I was walking through Walmart one day this summer when I noticed I was avoiding eye contact with people. Since I’m normally fascinated with people, I couldn’t understand what was going on! I started watching how I interacted with the general public in other ways, and I was horrified. I realized that much as I wanted to engage, I tended to avoid initiating interaction. Whether out of fear of not knowing what to say, not wanting to bother people, not being sure how to engage, or deciding I didn’t have the time, I was running errands and doing everyday life trying not to intrude on people. I’ve been watching the Christians around me, and I’m noticing that this is a common problem. In an age of political, technological, and social upheaval, Anabaptists are still the “silent in the land.” Why are we so quiet, and why do we not engage freely with those around us?

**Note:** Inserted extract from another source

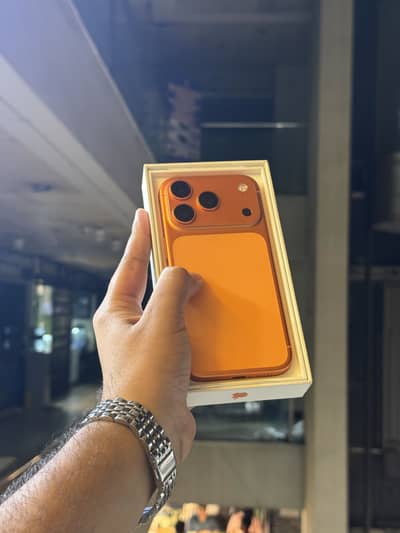 Apple iPhone 17 pro 256GB non pta Jv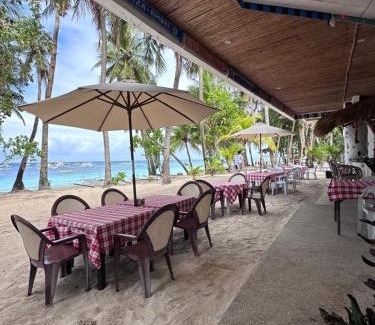 Manoc-Manoc Hotel | Sundown Resort & Austrian Pension House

The cultural mentality these days doesn’t help, either. Americans are self-focused. Every time we pick up our phones, open our computers, or power on any of our devices, we isolate ourselves in our own little worlds. Even when surrounded by people, we detach ourselves from interaction and remove our presence from relationships around us. We are our number one priority. We don’t trust people until they prove themselves to us, and sometimes rightfully so, because we expect them to hurt us. We look out for ourselves and protect ourselves at all costs.

How devastating to our culture! We isolate ourselves, trust no one, and take care of ourselves above all else. No wonder we have such a hard time communicating with people who are different than us! The overwhelming mantra of the world today tells us to “find your inner star” and to “be-YOU-tiful” in an extreme attempt to find our worth in our individuality. In a culture of people who just don’t need each other, how can Christians keep communicating, developing relationships, and spreading the truth about Jesus – that He is the only way? How can we overcome the mentality of our culture? I’ve become convinced that there is a very simple answer to this rather complicated question: we are to be approachable, in our attitudes, relationships, and lifestyle.

Approachable in attitude

Anabaptist people have been given a unique ability in the world today we often see as a hindrance. Anabaptists stand out. We are so different from the people around us! We look different, we act differently, we do relationships differently, and we live differently. Instead of being a hindrance, this is an incredible gift! In a world of people seeking to find their own truth, a restful spirit of assurance in Christ is incredibly attractive. The light of Christ can shine through us in ways that it can not if we blend in and disappear in the crowd.

If we grasp this opportunity, count it a blessing, and use it as a tool, we welcome people asking us why we wear that “thing” on our heads, or what the deal is with the “outfits.” I love when people ask me about my veiling. I get excited as I explain it. I want people to ask. How can we communicate to the people around us that we welcome the interaction?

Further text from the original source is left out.